DÜZ PARKURLARIN BÜYÜSÜ
Önce bir noktanın altını çizelim: Parkurun düz bölümlerinde S 1000 RR ile sürüş yapmak demek, keskin virajlarda Ducati ile, parabolik virajlarda da Aprilia ile yaşanan zevki tatmak demek. Belki bu saptama bir motosikletçi için önyargılı olacak ama, bu motorun maksimum hıza çıkışında bizlerin ve test merkezimizdeki cihazların bile anlayamadığı bir sihir var sanki. Ona “uzaylı motor” desek yeridir. O kadar mükemmel bir çekişe sahip ki, pisti adeta fizik kurallarının geçerli olmadığı bir oyun alanına dönüştürüyor. Bir kilometreden daha az uzunluktaki düz parkurda hiç zorlanmadan efektif 300 km/h. 180-190 Hp motorlara sahip rakiplerinin yanından, dribbling yapar gibi geçiyor ve onlara binlerce diyemesek bile yüzlerce devir farkı bindiriyor. Öyle ki, BMW’nin yanında bir ara diğerleri Toring modunda gezinen GT motorlar gibi kaldılar. Elektronik şanzımanı anlatılır gibi değil, hatta Panigale’nin şanzımanından daha iyi denilebilir. İşte bütün bu özellikler S 1000 RR’nin finiş çizgisinden en önde geçmesini sağladı. Ama bizleri her yanıyla büyülemeyi başaramadı. İşte zaten bu yüzden test pilotları box’larda değerlendirmelerini yaparken en yüksek notu, oybirliğiyle Aprilia’ya verdiler. Aynı şey Ducati için de geçerli. Kawasaki’nin önüne motorlar stop durumdayken geçti.

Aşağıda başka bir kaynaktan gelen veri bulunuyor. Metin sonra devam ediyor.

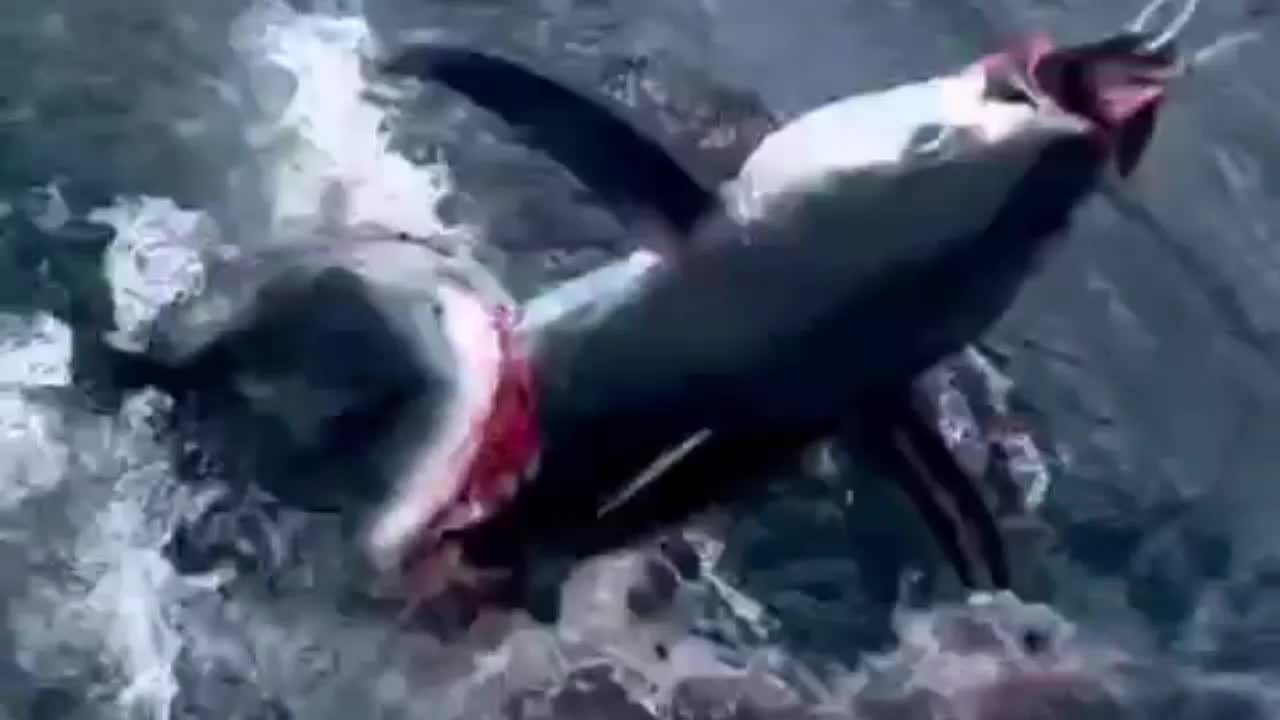 Video - Clip: Kinh hoàng cá mập bất ngờ lao tới cướp cá của ngư dân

Ama madalyonun diğer yanına bakacak olursak, kullanışlılık ve sürüş reaktivitesi gibi özellikler masaya yatırıldığında, BMW (ve Kawasaki) en iyi İtalyan rakiplerinin ışık hızı önünde. S 1000 RR sadece güçlü olmakla birlikte, biraz süngerimsi frenlere sahip olma konusunda vasatın hemen üzerinde. Diğer tarafları, özellikle sunduğu elektronik paket, en iyi olmamakla birlikte gerçekten çok iyi. Hızlı seyirde sunduğu stabilite çok üst düzeyde olmakla birlikte, arka süspansiyondaki ufak tefek bazı dalgalanmalar gözden kaçmıyor. Özetle, yürüyen aksam gövde özellikleri şasi inşa etme konusunda gerçekten çok iyi olan İtalyan motorların seviyesinde olsa, kılını bile kıpırdatmadan kazanacağından emin olabilirsiniz.
Grafikteki eğriler aşağı yukarı birbirine benzer gibiler ama dikkatli izlenirse her motora özel bazı ayrıntılar gizli. Ducati eğrisinden başlayalım: Bu en güçlü çift silindirli motor düşük devirlerde her zamanki gibi “dolu”, 7.000 devirlere kadar diğer eğrilerle paralellik taşıyor, sonra tutulamaz şekilde yükselmeye başlıyor ama ne yazık ki sınırı belli (11.250 devirde limitatör devreye giriyor). BMW 10.000 devire kadar en iyi dört arasında, sonra hepsini gerisinde bırakarak 14.000 devire çıkıyor. Suzuki en zayıf olarak başlıyor, 5.000 ile 7.000 devir arasında en iyi performansı sergiliyor ve 8.000 deviri aşana kadar dörtlünün en iyisi olarak kalıyor. Yamaha orta devirlerde başarılı: 6.500 ile 8.000 arasında en iyi dört silindirlilerden biri ve 9.000 devire kadar böyle gidiyor. Kawasaki tam tersine 10.000 devire kadar zayıf, 11.500 den sonra sadece BMW’ye geçiliyor. MV ise hem orta hem yüksek devirlerde iyi. V4 Aprilia’nın güç eğrisi çok lineer, ama hiç kendini gösterecek bir seviyeye çıkamıyor.